THE Western Region Alcohol and Drug centre (WRAD) opened its rented Timor Street doors in 1986 with little more than three staff, a $170,000 budget and a vision.
Twenty-five years later, more than 65 people celebrated the reality of that vision with an anniversary gala dinner, a history book and an honour board.
Now in a purpose-built facility on Merri Street with more than 20 staff and just under $1.5 million at its disposal, WRAD is a pillar of hope in an ever-growing community.
Dawn Bermingham knows the centre’s journey better than most.
The office manager was receptionist at the Western Regional Association for Alcohol and Drug Dependence (WRAADD), as it was known 25 years ago.
“It started off as a drug and alcohol counselling service with three staff,” Mrs Bermingham said.
“Now it’s one of Warrnambool’s only bulk-billing medical practices.”
Mrs Bermingham said her passion for the job stemmed from developing her own skills and observing the influence WRAD had on its clients.
“It’s rewarding to see patients move on in their lives … to see them make changes,” she said.
“We develop programs to assist recovery from alcohol and drugs or any addictive behaviours for the benefit of the people.”
WRAD will always be a work in progress with the Warrnambool community, according to director of 11 years Geoff Soma.
“It’s been quite a lot of hard work,” he told The Standard. “Building up a sustainable medical practice has been a challenge.”
During its 25 years, the not-for-profit community organisation has expanded to offer a clinical practice, in addition to its counselling services.
“It keeps evolving to meet the needs of Warrnambool and the district,” clinical manager Daryl Fitzgibbon said.
Mr Fitzgibbon said there were numerous programs that came under the clinical banner but admissions often involved one of the “four Ls” — liver, lover, livelihood or law.
“Usually it’s one of these that makes people contemplate that they have an issue,” he said. “It’s when you realise the substance you once loved has gotten the better of you.”
WRAD achieves breakthroughs all the time but Mr Fitzgibbon said the region’s drinking and drug-taking culture was constantly changing.
“The variety (of substances) and greater population, combined with high (levels of) media selling the product plus pointing out the problems — there’s a conflict,” he said.
“Once upon a time people would go out to drink, now they drink to go out.”
Mr Fitzgibbon said WRAD’s recent adoption of a general health medical practice helped diminish the stigma attached to drug and alcohol centres.
“Some will see their GPs or seek counsel in friends or other services,” he said.
“(But) people can come here for their cold or flu.”
With one-on-one counselling and group therapy, WRAD’s services are designed to cater to each individual. Different options became more readily available with the addition of two doctors and a part-time general practitioner during the past decade.
Mr Soma said since WRAD began operating a bulk-billing medical practice, its range of services had also become more accessible.
“WRAD has become an important part of the Warrnambool community,” he said.
“It’s important to have a local response for people to go when they’re concerned about drugs and alcohol.
“But quite often alcohol and drugs are only part of the picture. It’s not just a case of getting them to give it up.”
The director said physcial, emotional and sometimes mental health issues played a role in patients’ ability to embrace WRAD’s services.

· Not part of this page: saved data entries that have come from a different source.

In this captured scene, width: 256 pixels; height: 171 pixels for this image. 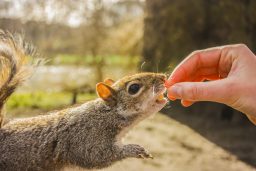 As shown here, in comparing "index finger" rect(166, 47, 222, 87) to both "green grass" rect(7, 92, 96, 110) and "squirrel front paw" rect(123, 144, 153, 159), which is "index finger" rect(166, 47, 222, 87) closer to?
"squirrel front paw" rect(123, 144, 153, 159)

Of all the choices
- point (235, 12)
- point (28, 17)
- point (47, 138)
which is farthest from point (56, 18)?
point (47, 138)

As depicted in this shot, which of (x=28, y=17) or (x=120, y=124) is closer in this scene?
(x=120, y=124)

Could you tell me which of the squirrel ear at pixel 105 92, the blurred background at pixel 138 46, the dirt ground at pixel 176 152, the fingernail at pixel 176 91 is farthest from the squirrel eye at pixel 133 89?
the blurred background at pixel 138 46

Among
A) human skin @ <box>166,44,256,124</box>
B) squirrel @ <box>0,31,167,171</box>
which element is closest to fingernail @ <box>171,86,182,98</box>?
human skin @ <box>166,44,256,124</box>

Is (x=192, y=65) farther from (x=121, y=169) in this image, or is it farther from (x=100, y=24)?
(x=100, y=24)

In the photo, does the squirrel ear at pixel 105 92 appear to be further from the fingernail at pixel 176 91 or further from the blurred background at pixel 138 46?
the blurred background at pixel 138 46


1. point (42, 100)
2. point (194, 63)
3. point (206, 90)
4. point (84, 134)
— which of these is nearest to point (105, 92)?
point (84, 134) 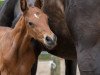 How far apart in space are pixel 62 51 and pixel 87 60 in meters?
0.97

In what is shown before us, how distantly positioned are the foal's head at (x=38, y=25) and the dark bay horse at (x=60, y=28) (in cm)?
6

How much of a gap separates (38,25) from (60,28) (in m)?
0.32

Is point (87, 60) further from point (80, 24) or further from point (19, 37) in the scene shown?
point (19, 37)

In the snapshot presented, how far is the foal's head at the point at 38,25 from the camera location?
366 cm

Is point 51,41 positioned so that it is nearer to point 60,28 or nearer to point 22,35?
point 60,28

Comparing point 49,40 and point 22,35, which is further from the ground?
point 22,35

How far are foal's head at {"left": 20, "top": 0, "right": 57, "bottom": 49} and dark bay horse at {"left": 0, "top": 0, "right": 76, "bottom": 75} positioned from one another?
61 millimetres

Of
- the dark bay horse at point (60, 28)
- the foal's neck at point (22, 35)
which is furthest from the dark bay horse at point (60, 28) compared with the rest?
the foal's neck at point (22, 35)

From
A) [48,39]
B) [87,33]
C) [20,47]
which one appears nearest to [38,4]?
[20,47]

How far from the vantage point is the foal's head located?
3.66 metres

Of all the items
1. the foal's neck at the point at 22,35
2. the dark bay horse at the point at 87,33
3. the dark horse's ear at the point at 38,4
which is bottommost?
the dark bay horse at the point at 87,33

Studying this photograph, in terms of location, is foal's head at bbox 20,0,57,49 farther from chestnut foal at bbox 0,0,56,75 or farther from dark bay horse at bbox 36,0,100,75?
dark bay horse at bbox 36,0,100,75

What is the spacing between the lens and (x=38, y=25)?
389cm

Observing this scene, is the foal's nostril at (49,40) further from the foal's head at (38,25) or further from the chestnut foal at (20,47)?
the chestnut foal at (20,47) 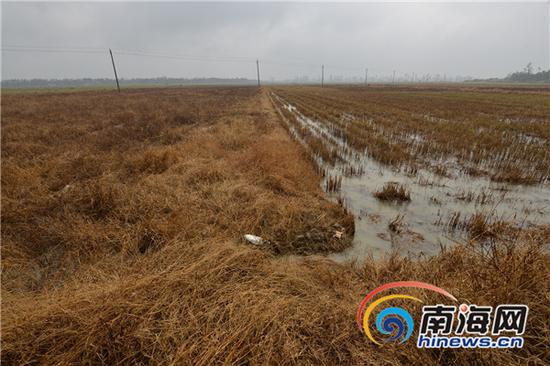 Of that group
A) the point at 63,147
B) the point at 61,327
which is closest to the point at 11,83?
the point at 63,147

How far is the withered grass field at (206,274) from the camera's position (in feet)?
6.44

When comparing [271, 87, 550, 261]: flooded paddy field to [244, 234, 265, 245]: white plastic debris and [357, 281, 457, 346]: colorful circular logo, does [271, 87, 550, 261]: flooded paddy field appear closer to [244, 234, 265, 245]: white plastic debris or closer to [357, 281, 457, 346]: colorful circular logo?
[244, 234, 265, 245]: white plastic debris

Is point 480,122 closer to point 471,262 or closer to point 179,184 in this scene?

“There’s a long road to recovery for a lot of people,” he said. “We are a vehicle to process change.
“We give them the tools to overcome difficulties associated with addiction in a way which is … approachable.”
Mr Soma said alcohol continued to be the district’s most problematic drug, followed by cannabis, but WRAD staff had individual skills that different patients could respond to.
WRAD’s 25 years of achievements have been in spite of a constant battle for funding.
“We give them (patients) hope and a chance to overcome difficulties ... but the amount of money from the government is still not enough.”
Mr Soma said when WRAD’s change of direction to incorporate general health services was made public, the organisation received donations from local community groups and philanthropic trusts.
He said WRAD’s continuous gains outweighed any setbacks and “enriched” his and the lives of staff and patients.
“The sense of community and partnership in Warrnambool is fairly special,” Mr Soma said.
“It’s wonderful seeing the smiling faces of people who have previously been in great difficulty.”
Past and present staff and committee members celebrated the thousands of people who have crossed WRAD’s threshold since 1986 at the Lady Bay Resort on Saturday.